What you need to do: Transcribe all of the records, leaving out any pictures.

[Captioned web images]
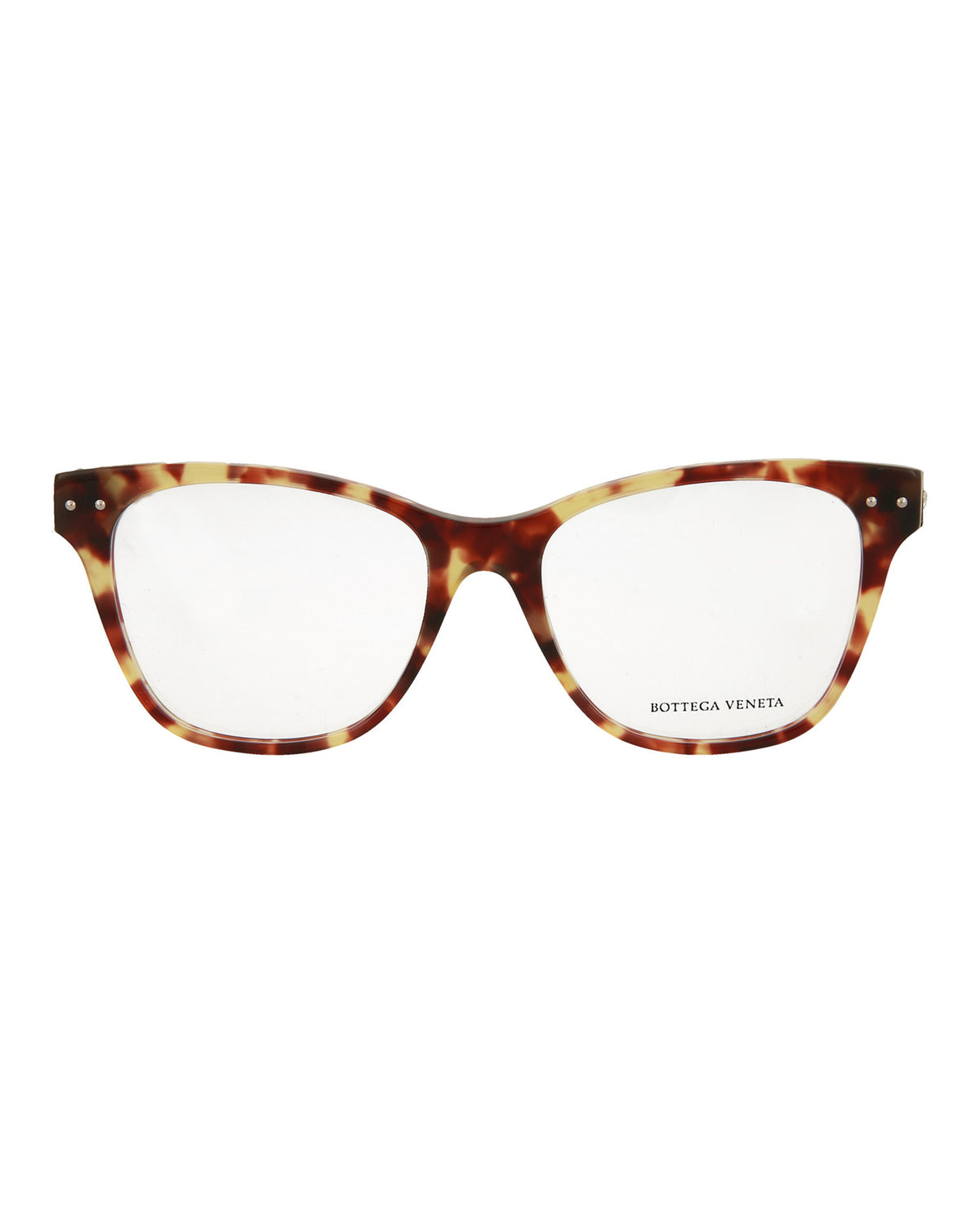 Bottega Veneta Womens Square/Rectangle Avana Avana Transparent Fashion Designer Eyewear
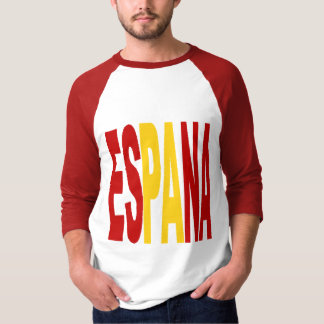 Raglan T-shirt wit rood man ESPANA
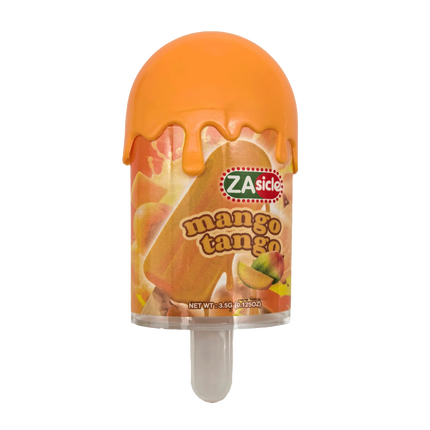 12 Pack – Popsicle Style Plastic Storage Containers with Decorative Wrap Labels - Zasicle Mango Tango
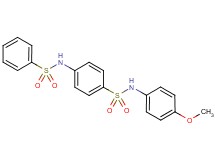 N-(4-methoxyphenyl)-4-[(phenylsulfonyl)amino]benzenesulfonamide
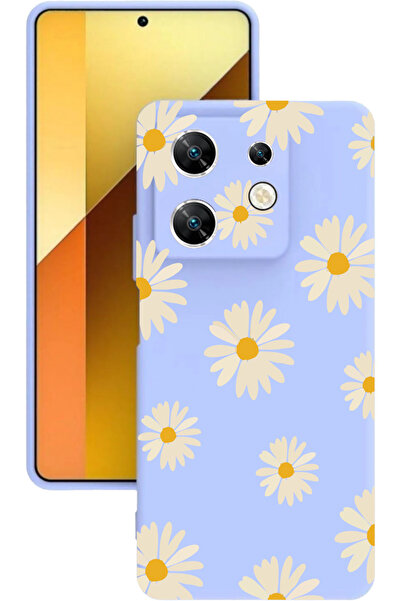 INFINIX ZERO30 (X6731B) Baskılı ve Kamera Korumalı Lila Renk Silikon Kılıf
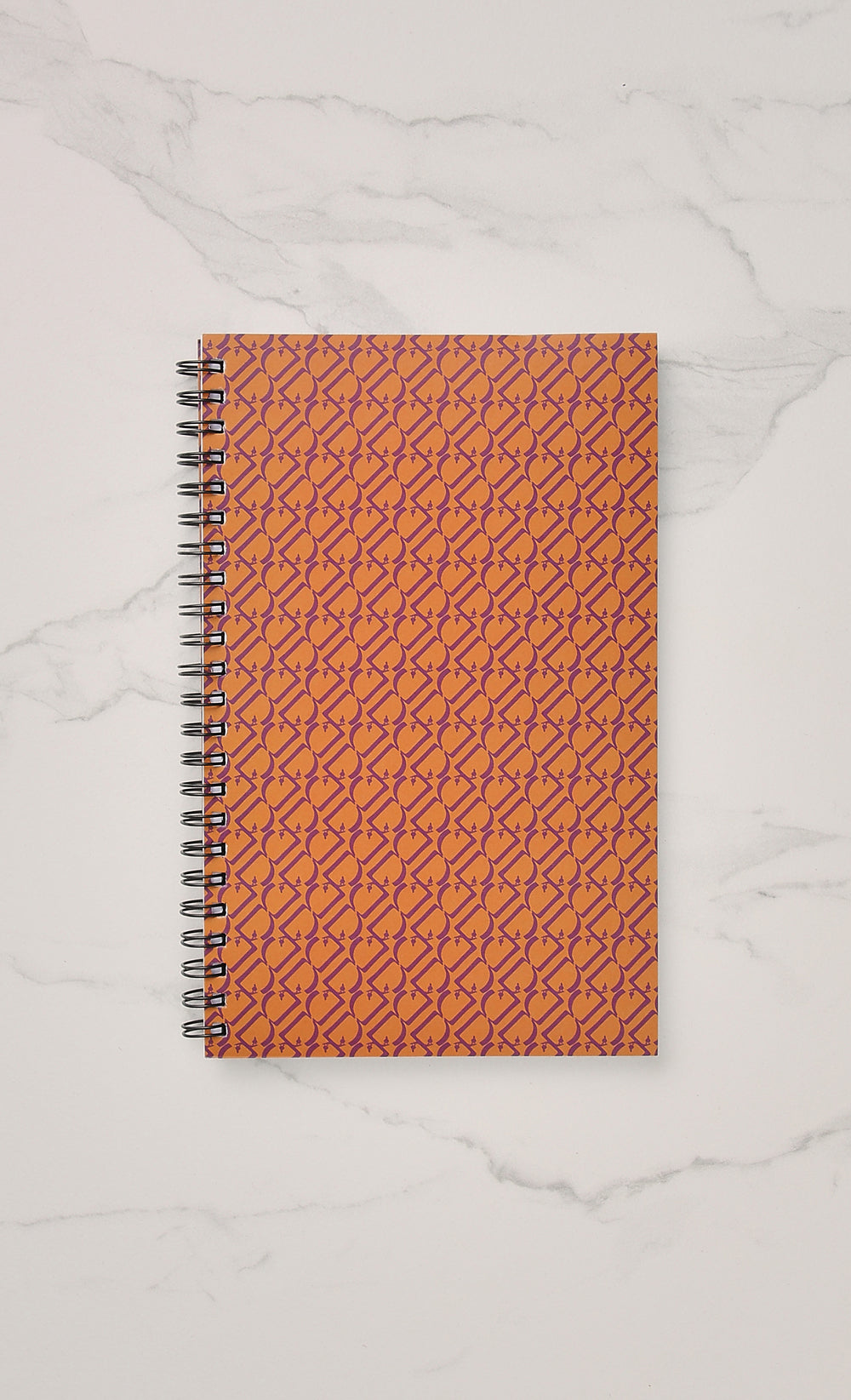 D Monogram Notebook in Pumpkin Pie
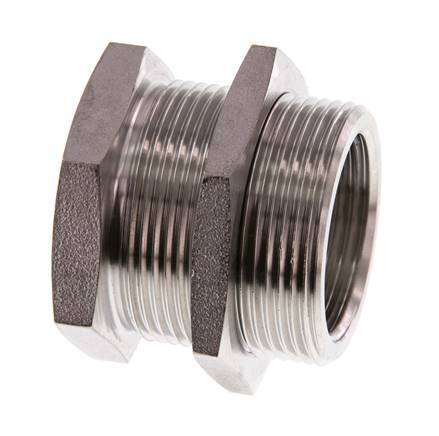 G 1'' x M42x2 F/M Stainless steel Bulkhead Fitting 40 Bar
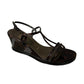 Stuart Weitzman Brown Open Toe Sandals Sz-6 1/2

Solution for this problem:
 Bottega Veneta Womens Square/Rectangle Avana Avana Transparent Fashion Designer Eyewear
 Raglan T-shirt wit rood man ESPANA
 12 Pack – Popsicle Style Plastic Storage Containers with Decorative Wrap Labels - Zasicle Mango Tango
 N-(4-methoxyphenyl)-4-[(phenylsulfonyl)amino]benzenesulfonamide
 INFINIX ZERO30 (X6731B) Baskılı ve Kamera Korumalı Lila Renk Silikon Kılıf
 D Monogram Notebook in Pumpkin Pie
 G 1'' x M42x2 F/M Stainless steel Bulkhead Fitting 40 Bar
 Stuart Weitzman Brown Open Toe Sandals Sz-6 1/2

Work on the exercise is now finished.